Short descriptive text snippets
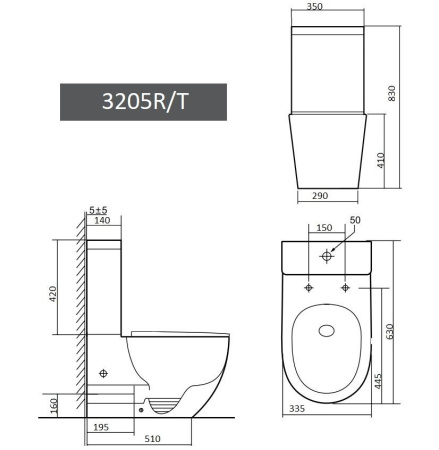 Напольный унитаз Grado GD-3205R белый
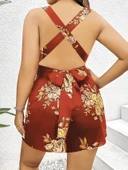 Amora Secret Büyük Beden Kahverengi Üstüne Çiçek Desenli Sırt Detaylı Elbise thumbnail 2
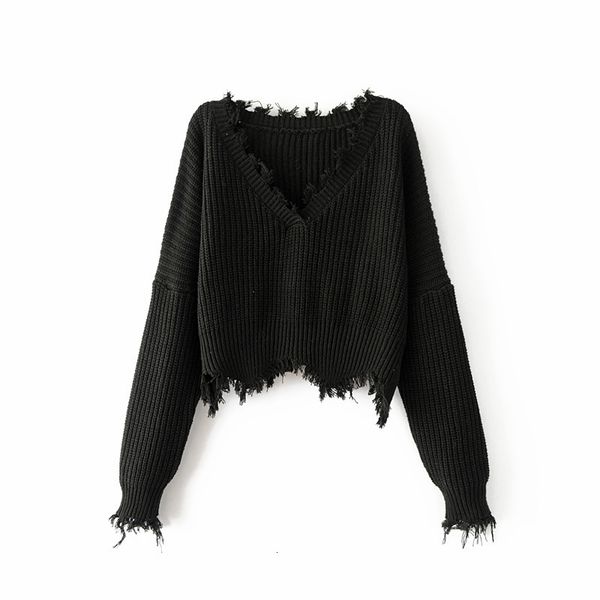 

2021 women's sweaters autumn new women tassel sweater winter solid orange white black cropped jumpers v neck knitted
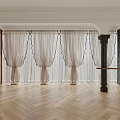 Elegant White Curtains In Interior Space With Wooden Herringbone Floor And Arch Design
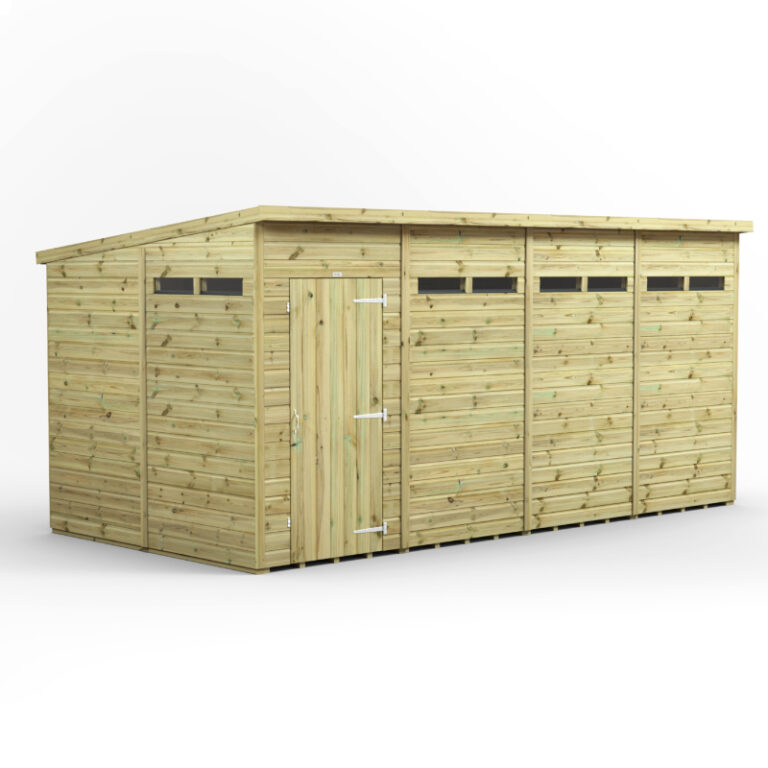 Oren 16' x 8' Premium Shiplap Modular Custom Pent Security Shed with security features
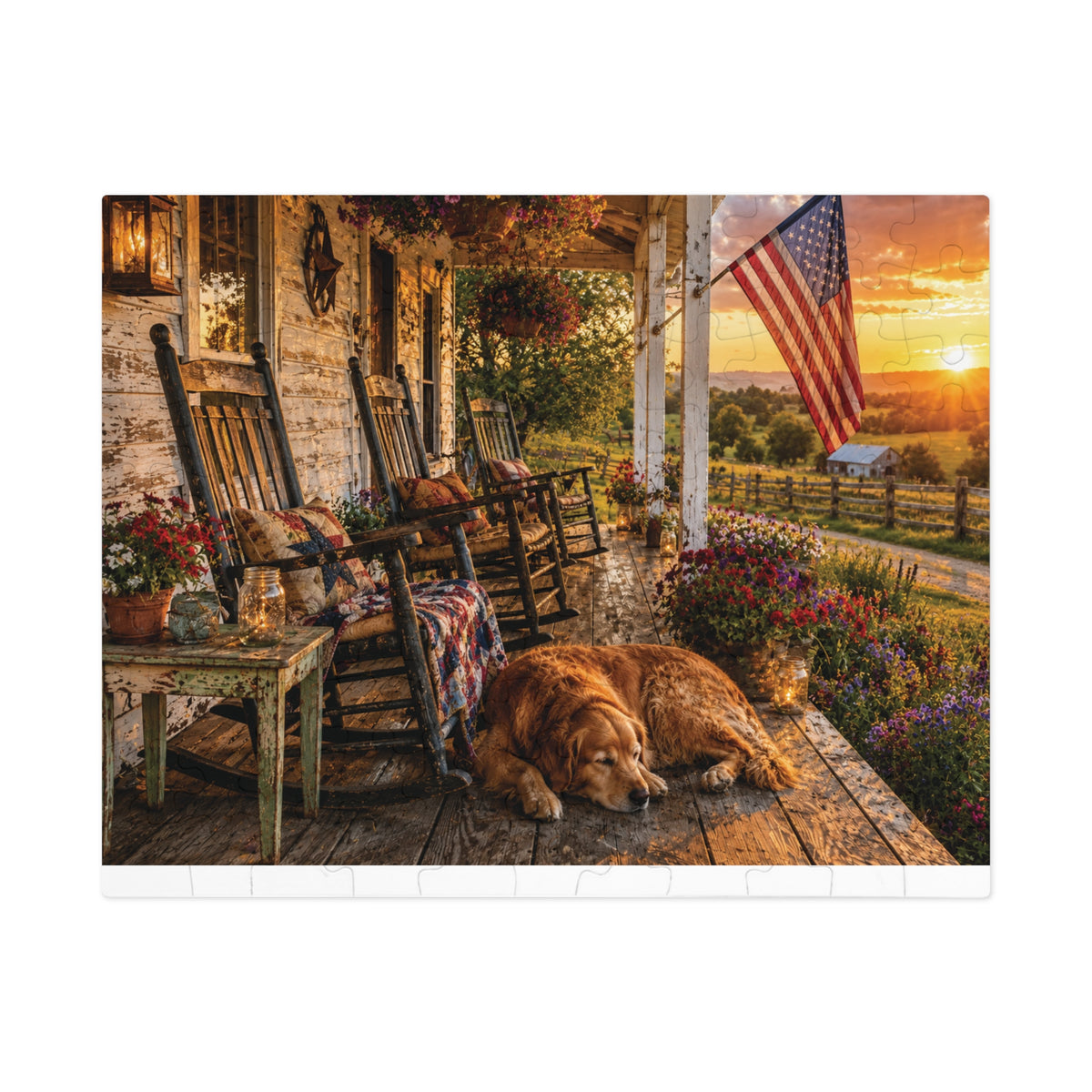 Country Porch  Jigsaw Puzzle with Tin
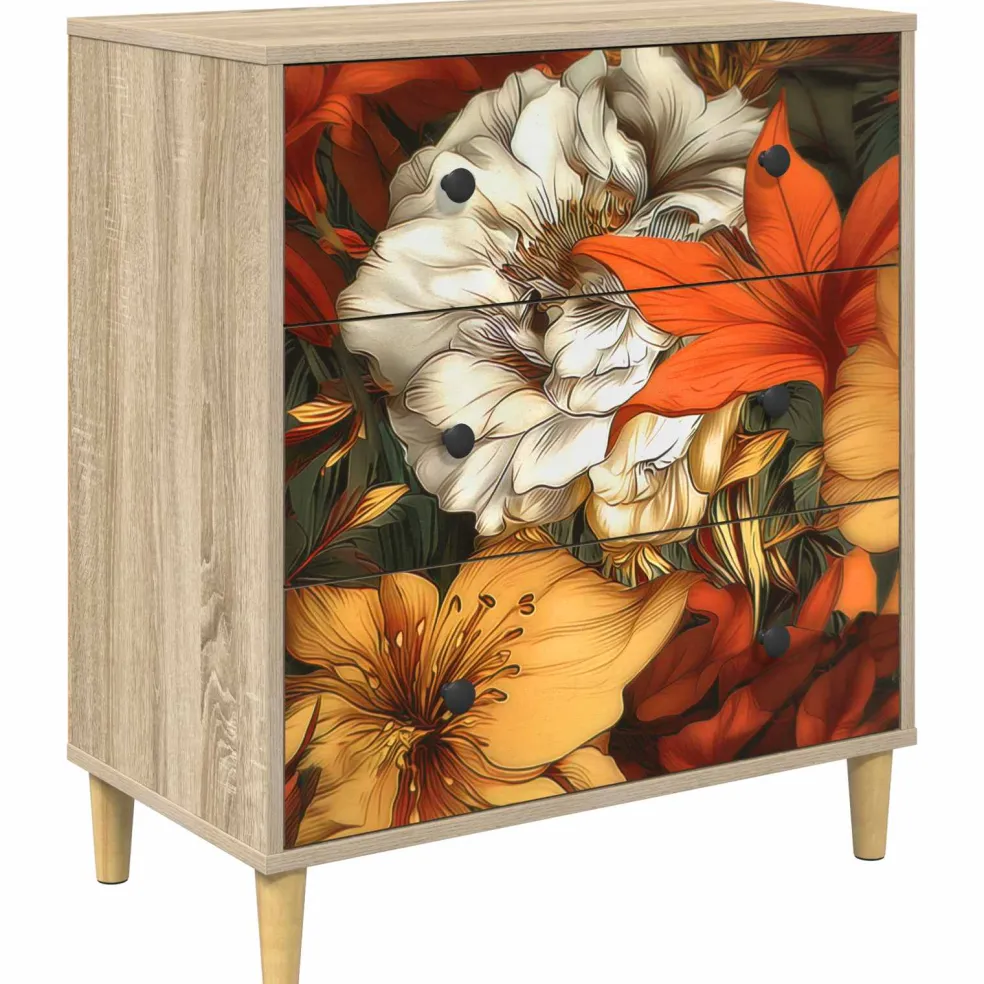 vidaXL Ladekast GENNEP Lelieprint 66 x 36,5 x 75 cm Bewerkt hout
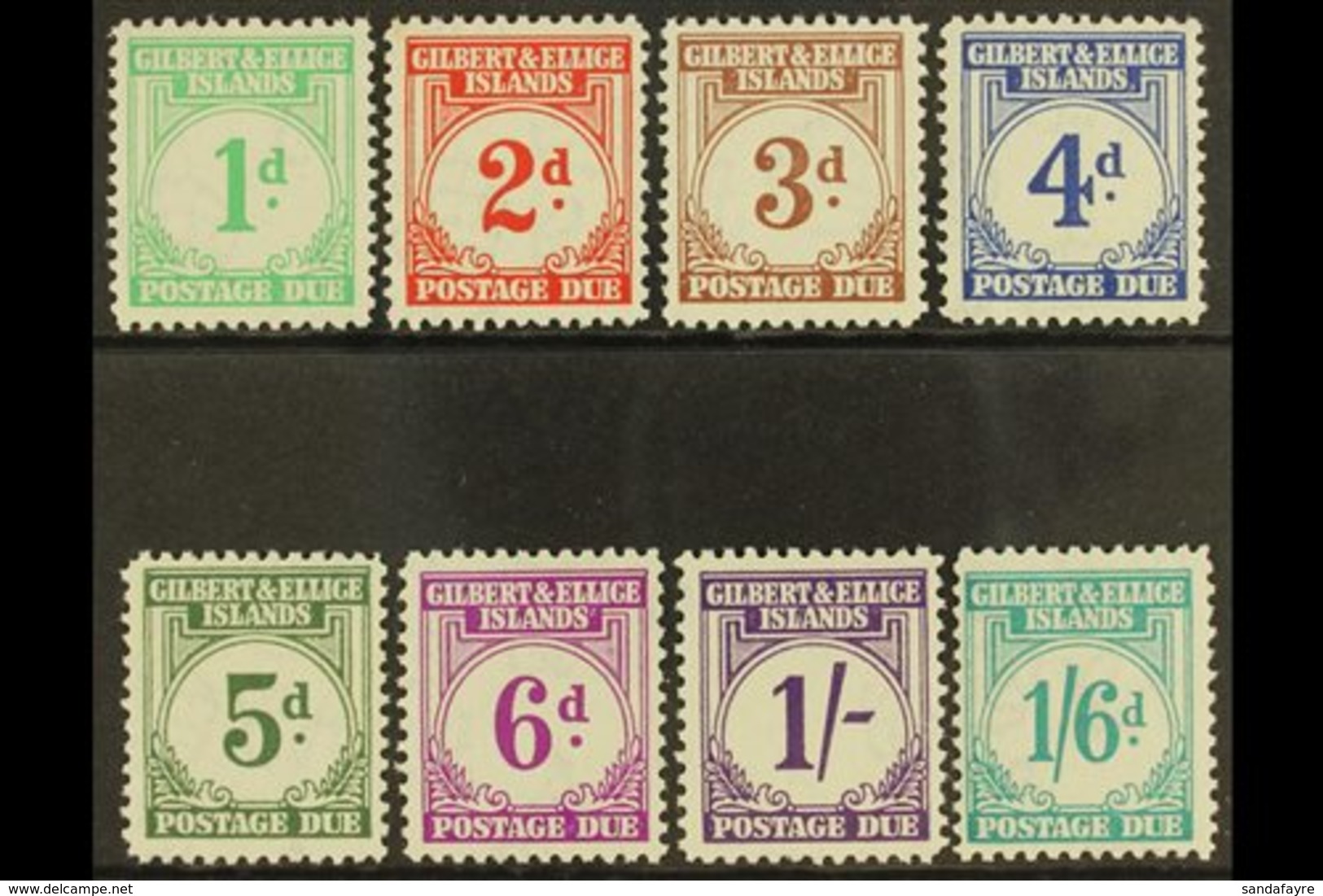 POSTAGE DUE  1940 Complete Set, SG D1/8, Fine Mint (8 Stamps) For More Images, Please Visit Http://www.sandafayre.com/it - Isole Gilbert Ed Ellice (...-1979)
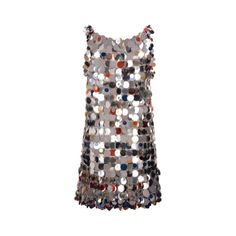 Rabanne Ladies Dresses. Fashion category: Cocktail & Party Dresses. SKU: 23FIRO597PS0133-M097. Color: Silver / Bright Orange. Rabanne Ladies Sequin Embellished Mini Dress. This sleeveless dress features a sequin design, a V-neck, thin straps, a thigh-length and a hidden back closure with snap buttons. Material: 60% Plastic, 40% Steel. Silver Mini Dress, Embellished Mini Dress, Multicolor Sequins, Cocktail Party Dresses, Sequin Design, Fine Pens, Ladies Dresses, Fragrance Gift, Cheap Gifts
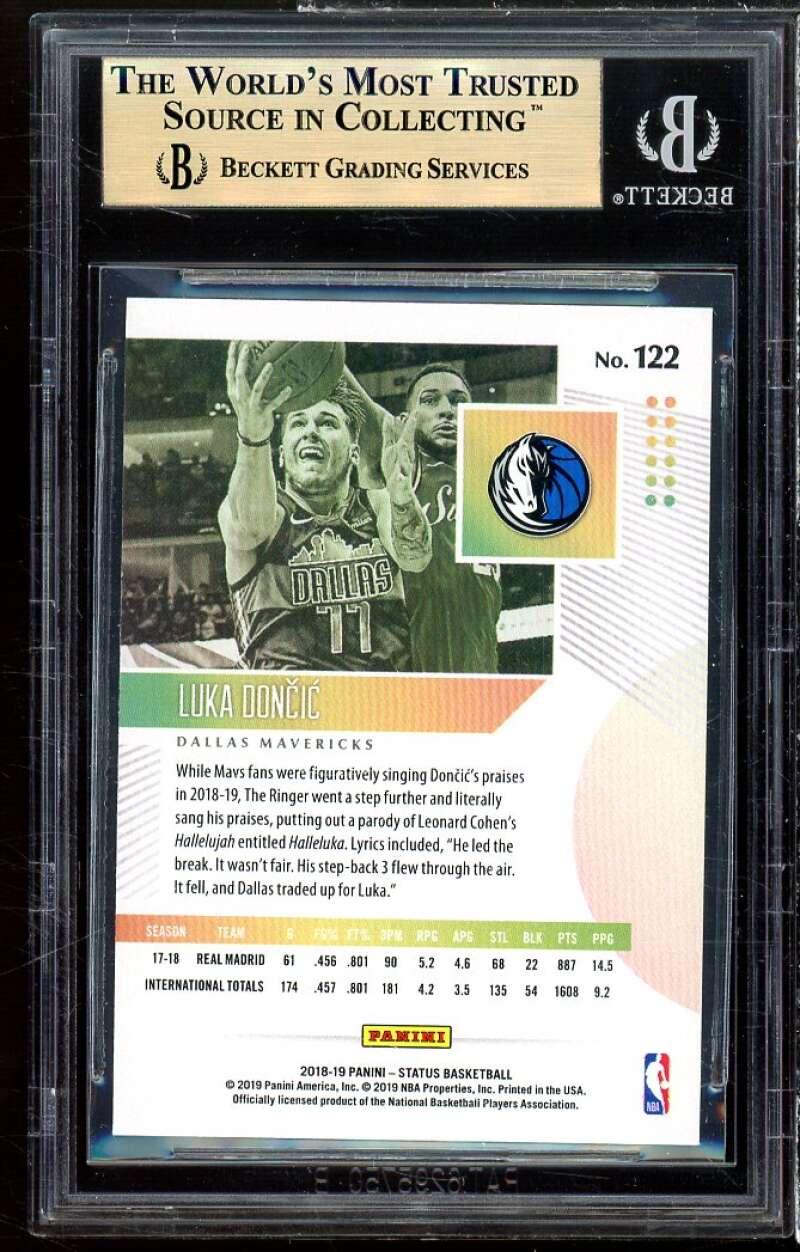 Luka Doncic Rookie Card 2018-19 Panini Status #122 BGS 9.5 (9.5 9.5 9.5 9) Image 2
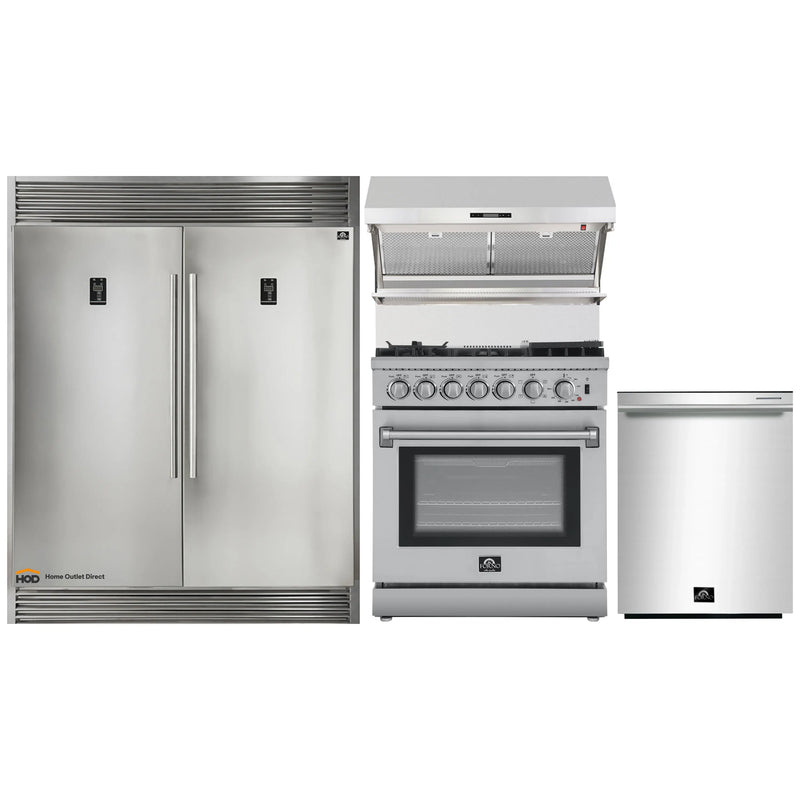 Forno 4-Piece Appliance Package - 30-Inch Dual Fuel Range with Air Fyer, 56-Inch Pro-Style Refrigerator, Wall Mount Hood with Backsplash, & 3-Rack Dishwasher in Stainless Steel
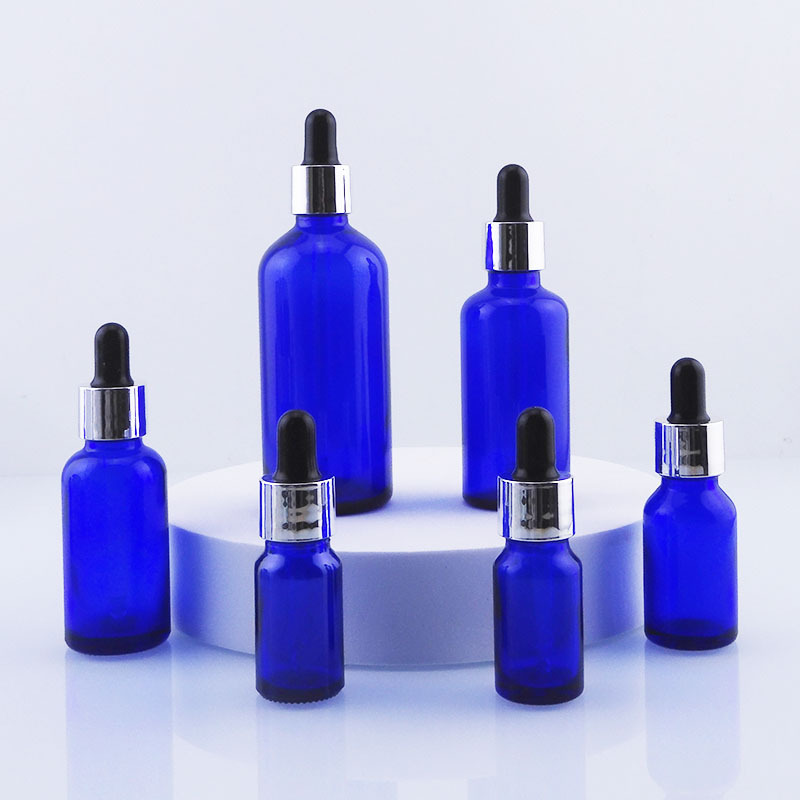 现货直销50ml蓝色精油瓶30ml玻璃滴管瓶化妆品精华原液玻璃精油瓶|undefined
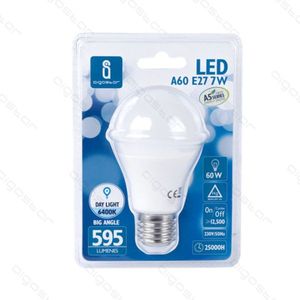 Lampadina LED A60 E27 7W 6400K Luce Diurna 595 Lumen Ampio Angolo 25000H - Product Image 1
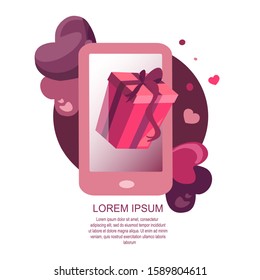 Online Digital Post and Shopping. Huge Gift Box Present in Smartphone Screen. Valentine Day, Birthday, Anniversary Happy Holiday Congratulation in Mobile App. High Technology Flat vector illustration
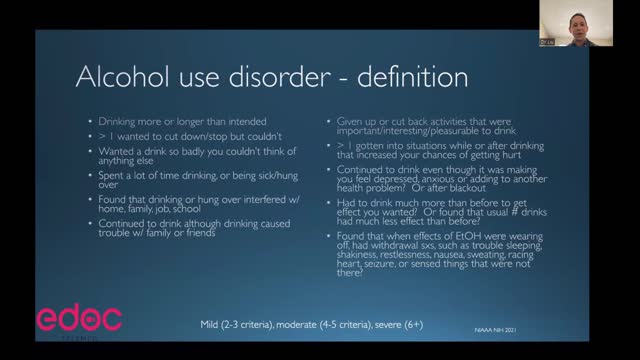 Alcohol Use Disorder and its effect on health w/ Dr Liu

> _WORK REQUIRED_:
The output is the lines from the start of the data above through the line containing "Ed Ellice (...-1979)", unchanged, with any picture left out.

> _OUTPUT OF THE TASK_:
 Напольный унитаз Grado GD-3205R белый
 Amora Secret Büyük Beden Kahverengi Üstüne Çiçek Desenli Sırt Detaylı Elbise thumbnail 2

2021 women's sweaters autumn new women tassel sweater winter solid orange white black cropped jumpers v neck knitted
 Elegant White Curtains In Interior Space With Wooden Herringbone Floor And Arch Design
 Oren 16' x 8' Premium Shiplap Modular Custom Pent Security Shed with security features
 Country Porch  Jigsaw Puzzle with Tin
 vidaXL Ladekast GENNEP Lelieprint 66 x 36,5 x 75 cm Bewerkt hout
 POSTAGE DUE  1940 Complete Set, SG D1/8, Fine Mint (8 Stamps) For More Images, Please Visit Http://www.sandafayre.com/it - Isole Gilbert Ed Ellice (...-1979)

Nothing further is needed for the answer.